WASHINGTON, DC, October 19, 2010 - The melting of the Himalayan glaciers—a result of the combined impacts of regional and global warming, variability in monsoon rainfall, and rising emissions of black carbon—is, according to Syed Iqbal Hasnain, leading to significant losses of ice mass over large portions of mountainous regions.
Hasnain, a Distinguished Visiting Fellow at the Stimson Center, spoke on the topic of Asia's Growing Crisis: Floods, Droughts, and the Melting Himalayan Glaciers, at an Asia Society program in Washington, along with David Breashears, Executive Director of GlacierWorks, and Orville Schell, Director of the Asia Society Center on US-China Relations.

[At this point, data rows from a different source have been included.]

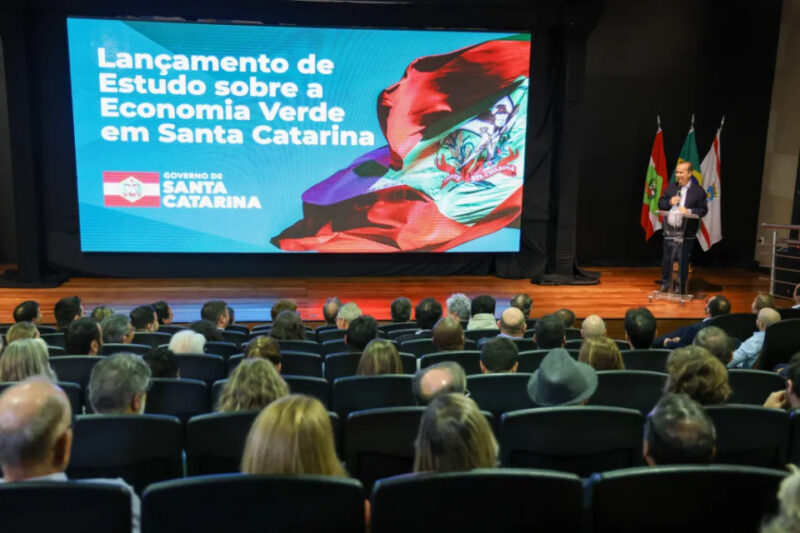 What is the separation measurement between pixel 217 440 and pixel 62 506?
86 centimetres

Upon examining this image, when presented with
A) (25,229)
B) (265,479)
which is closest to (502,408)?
(265,479)

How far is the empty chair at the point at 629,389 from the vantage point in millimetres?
3105

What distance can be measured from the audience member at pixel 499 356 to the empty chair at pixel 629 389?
1.42 feet

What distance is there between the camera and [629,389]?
313cm

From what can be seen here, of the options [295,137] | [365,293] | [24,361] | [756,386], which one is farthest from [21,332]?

Hasnain argued that the transport sectors and cement factories are the main contributors to the emission of green house gases (GHGs), a major cause of the melting of the Himalayan glaciers. This in turn leads to glacier lake outburst floods (GLOFs).
"The melting trend causes major changes in freshwater flow regimes. As one of the results, the number and size of glacial lakes are increasing," explained Hasnain. “This gives rise to an increase in the threat of GLOFs occurring."
According to his research, 16 out of 156 glacial lakes are in a precarious condition in India, while 52 out of 2,420 are so in Pakistan. The recent Pakistan floods, he believes, were a result of GLOFs. He warned that the continuous melting of the glaciers will result in more flooding and other natural disasters in the surrounding countries of Pakistan, India, and China in the nearer future.
He also claimed that along with the melting rate of the Himalayan glaciers increasing at an unprecedented rate in recent years, policy makers are facing another dilemma: GHGs have already exceeded the 2 Degrees Celsius Global Warming Limit by 20 percent.
Hasnain suggested, as a way of dealing with the melting of the glaciers, that a two-way information flow take place among local communities, scientists, and decision-makers from China, India and Pakistan, and their regional and global counterparts in order to examine the impacts of the change. Yet the scientist conceded that political constraints among these three countries in the Himalayan area mean that the required collaboration is still a long way off.